Search code examples
pythonvisualizationk-means

How do I assign colors to clusters in kmeans?


I keep getting error messages for my kmeans clustering. Note: I am extremely new to everything and coding in general, so I am also looking to improve in any way. I tried personally defining each color, but that did not work either.

# create map
map_clusters = folium.Map(location=[latitude, longitude], zoom_start=11)

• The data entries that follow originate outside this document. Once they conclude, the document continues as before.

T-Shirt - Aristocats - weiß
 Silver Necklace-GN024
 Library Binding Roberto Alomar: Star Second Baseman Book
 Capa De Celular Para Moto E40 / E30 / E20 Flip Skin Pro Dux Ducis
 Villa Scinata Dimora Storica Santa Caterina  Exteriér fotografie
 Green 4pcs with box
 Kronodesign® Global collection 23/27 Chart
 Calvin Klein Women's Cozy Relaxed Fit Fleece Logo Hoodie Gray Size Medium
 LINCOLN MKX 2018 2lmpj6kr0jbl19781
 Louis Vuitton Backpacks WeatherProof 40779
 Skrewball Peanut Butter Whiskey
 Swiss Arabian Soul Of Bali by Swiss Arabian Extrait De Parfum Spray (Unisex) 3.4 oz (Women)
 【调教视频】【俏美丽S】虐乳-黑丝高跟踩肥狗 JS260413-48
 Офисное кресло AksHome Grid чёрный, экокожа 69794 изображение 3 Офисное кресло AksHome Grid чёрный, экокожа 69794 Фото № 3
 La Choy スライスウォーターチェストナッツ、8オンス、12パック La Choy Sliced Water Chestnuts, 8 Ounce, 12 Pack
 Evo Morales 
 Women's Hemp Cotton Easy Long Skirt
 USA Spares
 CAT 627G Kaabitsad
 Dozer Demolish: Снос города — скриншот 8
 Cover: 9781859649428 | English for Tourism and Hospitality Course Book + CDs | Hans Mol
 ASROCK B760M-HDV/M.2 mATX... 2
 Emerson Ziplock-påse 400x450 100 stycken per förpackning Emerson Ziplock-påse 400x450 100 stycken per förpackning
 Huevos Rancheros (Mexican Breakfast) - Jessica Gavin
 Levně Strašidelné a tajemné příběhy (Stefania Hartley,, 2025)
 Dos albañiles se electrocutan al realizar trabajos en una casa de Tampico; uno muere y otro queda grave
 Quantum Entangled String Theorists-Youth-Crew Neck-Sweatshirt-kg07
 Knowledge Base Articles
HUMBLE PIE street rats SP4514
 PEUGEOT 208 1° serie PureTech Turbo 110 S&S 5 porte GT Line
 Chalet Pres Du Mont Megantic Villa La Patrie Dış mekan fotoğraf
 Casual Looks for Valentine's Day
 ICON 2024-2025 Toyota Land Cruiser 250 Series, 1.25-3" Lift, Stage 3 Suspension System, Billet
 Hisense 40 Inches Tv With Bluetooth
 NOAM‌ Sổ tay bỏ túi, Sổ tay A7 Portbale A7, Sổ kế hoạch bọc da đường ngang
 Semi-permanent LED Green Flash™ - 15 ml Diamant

# set color scheme for the clusters
x = np.arange(kclusters)
ys = [i + x + (i*x)**2 for i in range(kclusters)]
colors_array = cm.rainbow(np.linspace(0, 1, len(ys)))
rainbow = [colors.rgb2hex(i) for i in colors_array]

# add markers to the map
markers_colors = []
for lat, lon, poi, cluster in zip(pittsburgh_merged['Latitude'], 
pittsburgh_merged['Longitude'], pittsburgh_merged['Neighborhood'], 
pittsburgh_merged['Cluster Labels']):
label = folium.Popup(str(poi) + ' Cluster ' + str(cluster), 
parse_html=True)
folium.CircleMarker(
[lat, lon],
radius=5,
popup=label,
color=rainbow[cluster-1],
fill=True,
fill_color=rainbow[cluster-1],
fill_opacity=0.7).add_to(map_clusters)

map_clusters

I expect an output of the map_clusters to be visible. It is supposed to be a map of Pittsburgh with venues organized by colors. Hence the rainbow assignment. However, I keep getting the "TypeError: list indices must be integers or slices, not float" error for the color and fill_color assignments.


Solution

  • The error you are receiving means that the index that you are using to access the list rainbow is not an integer, but a float. In this case, you are trying to access element cluster - 1 of the list rainbow. However, the expression cluster - 1 seems to be a float, which in turn implies that the variable cluster does not contain an int, but a float. Try to make sure that you are passing in integer, for example by casting the variable to an integer:

    color = rainbow[int(cluster)-1]

    However, this depends on the actual content of the variable and will not work if cluster contains a nan-value like inf. In this case (or all cases, actually), you should take a look at the data you have and make sure that is makes sense. Since you are trying to do k-means and receive float values and even nan-values for your cluster labels, it is possible that something went wrong earlier during the clustering process. Try looking at the actual content of the pittsburgh_merged variable by printing its content.